Nevertheless, there’s no sugar-coating the Browns’ 4-12 record from a season ago. The Browns lost 10 of their final 11 games, and the club’s poor play late in the season cost head coach Rob Chudzinski his job. Later, G.M. Mike Lombardi and CEO Joe Banner left the organization. In the end, the Browns will begin the 2014 draft with new faces at the key decision-making spots of G.M. (Ray Farmer) and coach (Mike Pettine).
The Browns currently hold 10 draft picks, with extra selections in Rounds One and Four (via Indianapolis) and Round Three (via Pittsburgh). All of their picks can be traded, as Cleveland did not receive any compensatory selections. In short, the Browns may have the supply of picks needed to trade up if they covet a prospect. What’s more, their collection of later-round picks could be valuable currency should they look to trade for veteran players in the latter stages of the draft.
Here’s a closer look at the Browns’ draft needs:
Quarterback: The Browns will almost certainly draft a quarterback who will compete to start right off the bat, a la Brandon Weeden two years ago. Brian Hoyer sparked the offense for a short time last season, but he’s coming off an October ACL tear, and his contract is up after the 2014 season. The Browns’ current top backup, Alex Tanney, is untested. The Browns also could add a veteran backup, with Rex Grossman a logical fit.
Cornerback: Drafting a cornerback capable of pushing for a starting spot would bolster the secondary depth. It could allow the Browns to move Buster Skrine inside to the slot, where he’s well-suited. Also, Skrine and star cornerback Haden are free agents after the 2014 season. While the Browns seem likely to keep Haden long term, having as many good options as possible at cornerback is a sensible approach.

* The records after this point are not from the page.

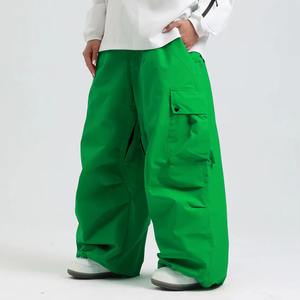 Pantalones de Esquí Unisex Estilo Hip Hop, Corte Holgado, Transpirables, Polartec, Ropa Urbana, Cálidos, para Snowboard, Diseño Invernal - Product Image 6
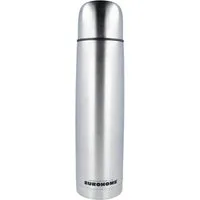 EUROHOME Isolierkanne Edelstahl Isolierflasche Rostfrei mit Satin-Finish, 1 l, (1-St., Thermosflasche 1l, Höhe 32 cm), Thermobecher Kaffee - Trinkflasche mit Trinkdeckel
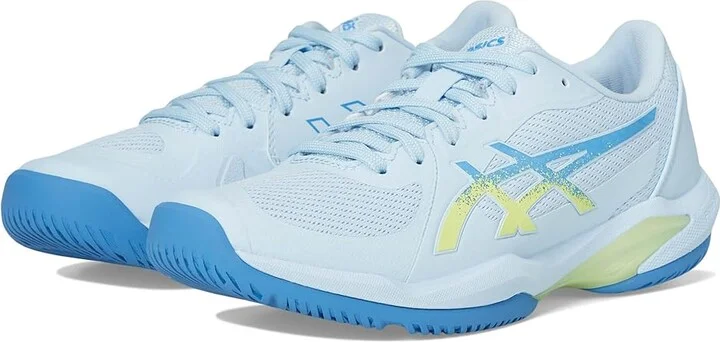 ASICS Women's Solution Swift FF 2 Tennis Shoe Women's Tennis Shoes Light Blue/Huddle Yellow : 9 B - Medium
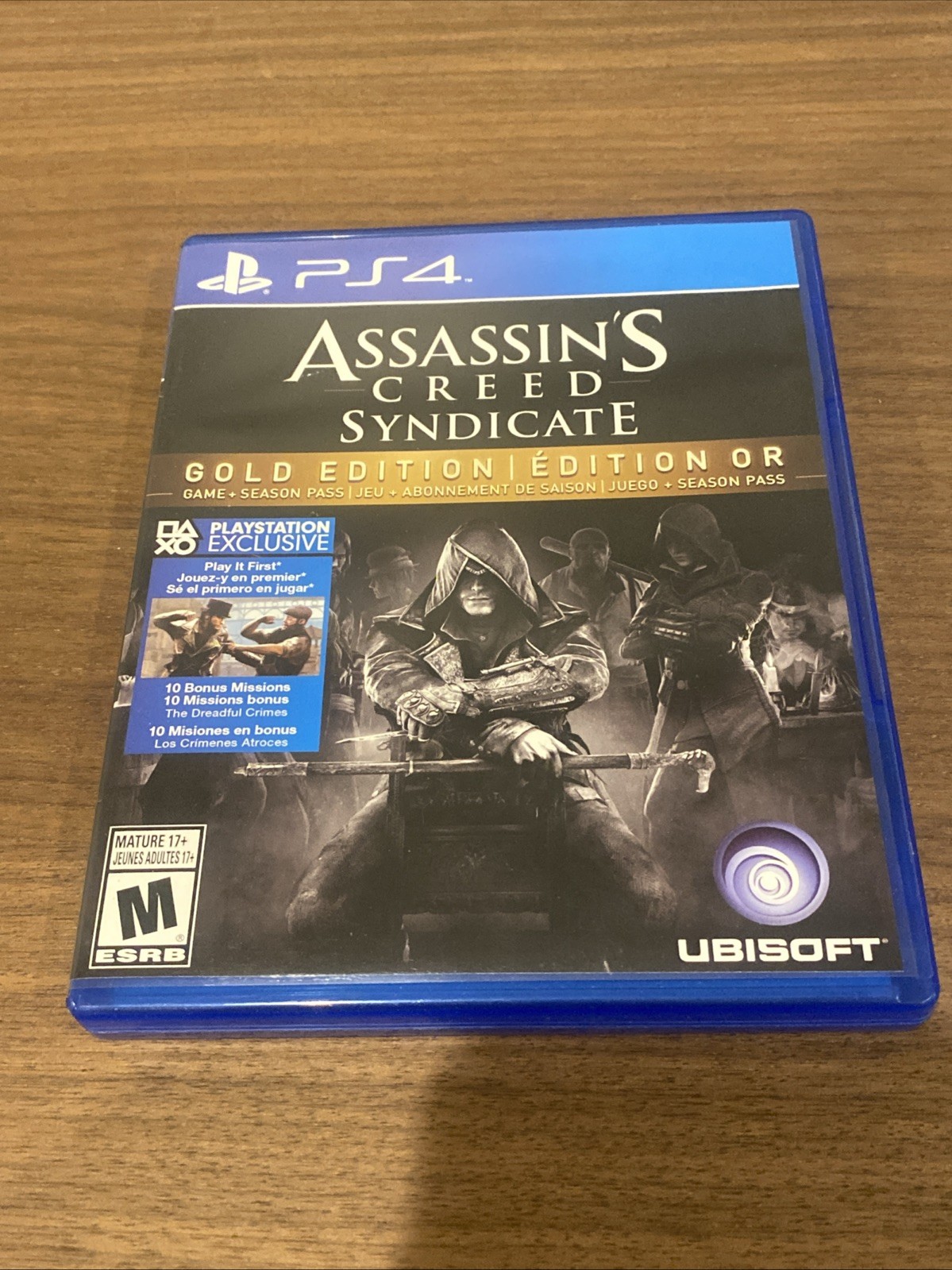Assassins Creed Syndicate Gold Edition (PlayStation 4) Authentic Complete CLEAN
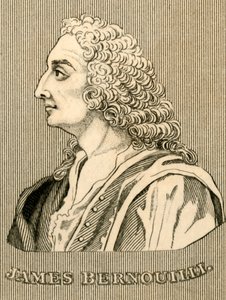 जेम्स बर्नौली, 1654-1705, 1830। द्वारा अज्ञात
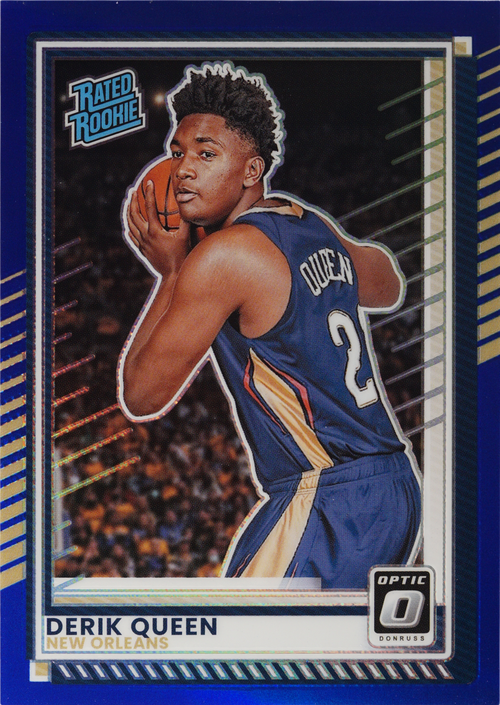 Derik Queen trading card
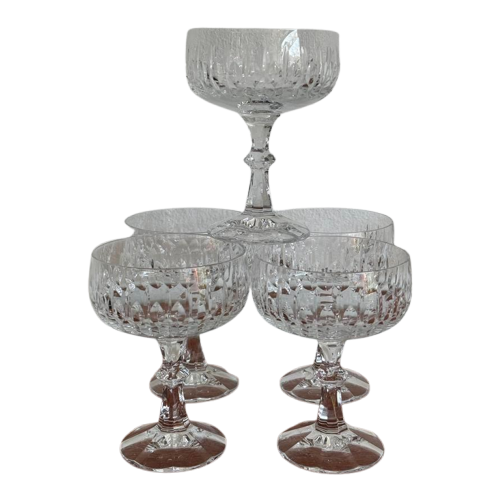 Vintage Kristallen Champagne Coupes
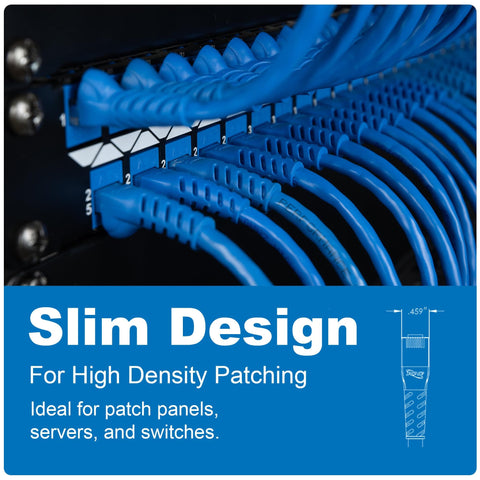 Cat6 Ethernet Patch Cord Ten Foot Five Pack Snagless UTP 24 AWG Patch Cable For Patch Panel To Network Switch Data Center Office And Home Yellow 100 Percent Stranded Copper UL Listed No Fuss PoE Plus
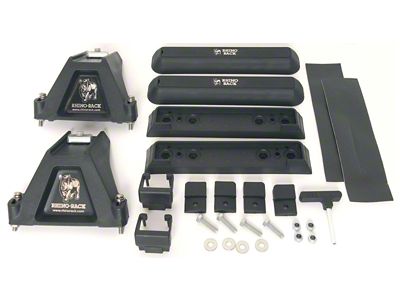 Rhino-Rack Heavy Duty Fixed Mount Cap/Topper Leg Set - High - RFMC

Wide receiver: The Browns have added to this position in the offseason, signing Andrew Hawkins from Cincinnati to play the slot and ex-Lions wideout Nate Burleson to push for a starting job outside of Josh Gordon. Nevertheless, the Browns could still use a little more playmaking ability at receiver. Wideout Greg Little, a 41-game starter in the last three seasons, can reach unrestricted free agency after the 2014 season, and he has not been a standout in his time in Cleveland.
Running back: The Browns have struggled to address the RB position via draft since returning to NFL play in 1999. Still, they may have to dive back into the rookie ranks for tailback help this May. We can pencil in ex-Texans back Ben Tate as Cleveland’s starter, and he seems likely to get the majority of the carries. However, the depth behind Tate needs improvement. Ex-Eagles tailback Dion Lewis showed promise last summer but missed the 2013 campaign after breaking his leg. Chris Ogbonnaya is a good utility back — he catches the ball well, and he can play some fullback. However, the Browns lack is a second starter-caliber runner to pair with Tate, who’s had some injury issues in his NFL career.
Tight end: While Cameron had a breakout 2013 season, he is entering the final year of his contract. The Browns have the luxury of being able to draft and stash a project if needed; the club has decent depth behind Cameron, though no major pass catching threats.